Identification of Fenton-like active Cu sites by heteroatom modulation of electronic density

• Published in: Proceedings of the National Academy of Sciences - PNAS Vol. 119; no. 8; pp. 1 - 8
• Main Authors: Zhou, Xiao, Huang, Gui-Xiang, Chen, Cai, Chen, Wenxing, Liang, Kuang, Qu, Yunteng, Yang, Jia, Wang, Ying, Li, Fengting, Yu, Han-Qing, Wu, Yuen
• Format: Journal Article
• Language: English
• Published: United States National Academy of Sciences 22.02.2022
• Subjects: Boron; Carbon sources; Catalysts; Copper; Density; Electronic structure; Electrons; Oxidation; Phosphorus; Physical Sciences; Single atom catalysts; Substrates; single-atom catalysts; Fenton-like process; reaction kinetics; heteroatom-doped engineering; electronic structure
• ISSN: 0027-8424; 1091-6490; 1091-6490
• DOI: 10.1073/pnas.2119492119

Developing heterogeneous catalysts with atomically dispersed active sites is vital to boost peroxymonosulfate (PMS) activation for Fenton-like activity, but how to controllably adjust the electronic configuration of metal centers to further improve the activation kinetics still remains a great challenge.
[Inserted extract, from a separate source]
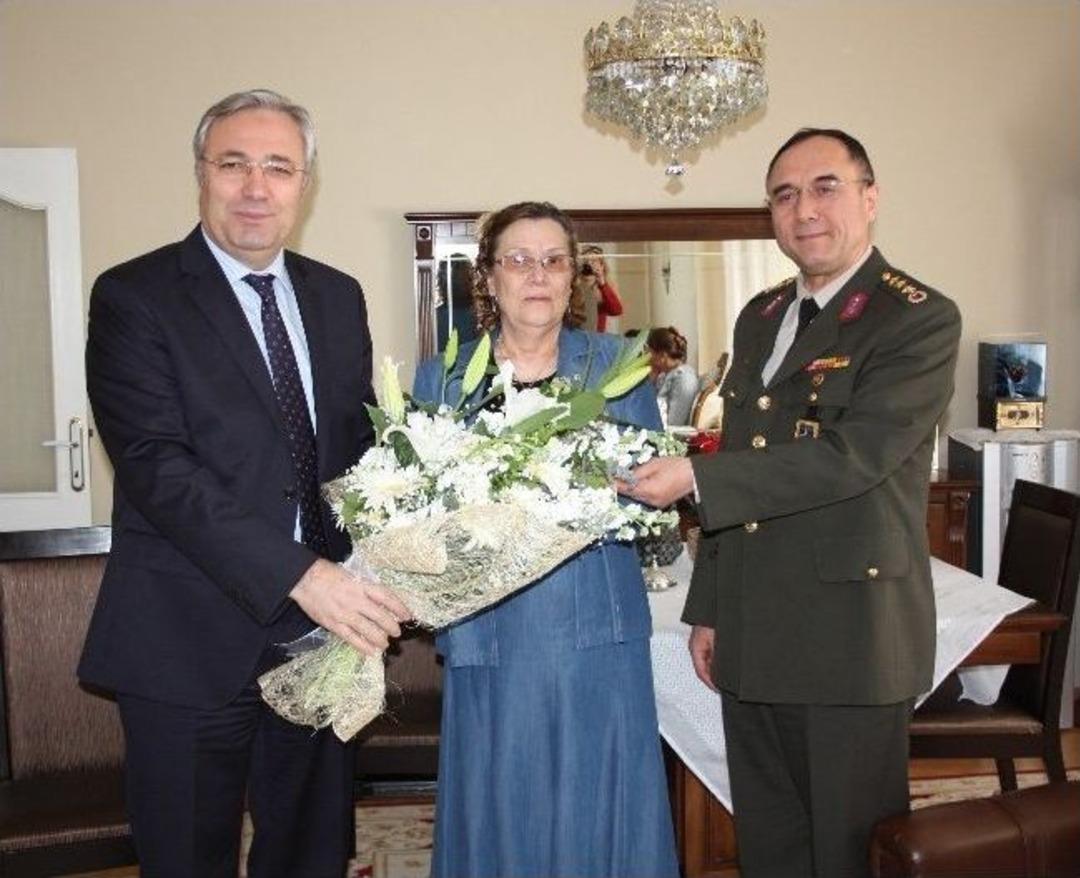 61 Yıl Sonra Gelen Bayrak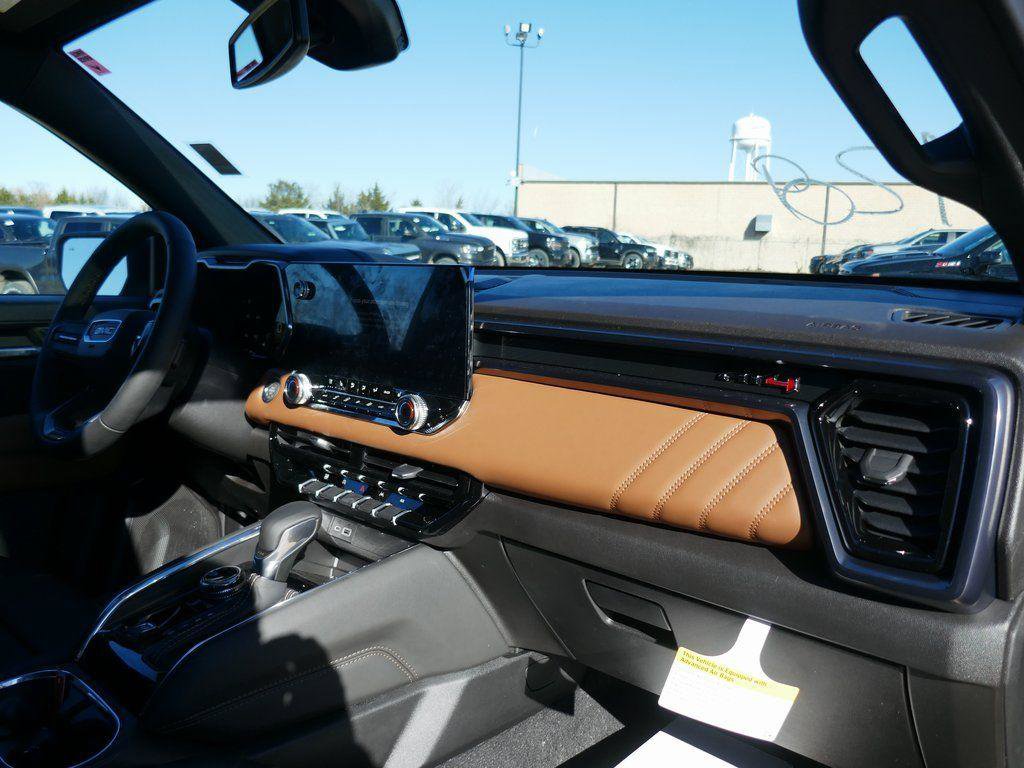 New 2026 GMC Canyon AT4 w/ Technology Plus Package image 9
Herein, we report a systematic investigation into heteroatom-doped engineering for tuning the electronic structure of Cu-N₄ sites by integrating electron-deficient boron (B) or electron-rich phosphorus (P) heteroatoms into carbon substrate for PMS activation. The electrondepleted Cu-N₄/C-B is found to exhibit the most active oxidation capacity among the prepared Cu-N₄ single-atom catalysts, which is at the top rankings of the Cu-based catalysts and is superior to most of the state-of-the-art heterogeneous Fenton-like catalysts. Conversely, the electron-enriched Cu-N₄/C-P induces a decrease in PMS activation. Both experimental results and theoretical simulations unravel that the long-range interaction with B atoms decreases the electronic density of Cu active sites and down-shifts the d-band center, and thereby optimizes the adsorption energy for PMS activation. This study provides an approach to finely control the electronic structure of Cu-N₄ sites at the atomic level and is expected to guide the design of smart Fenton-like catalysts.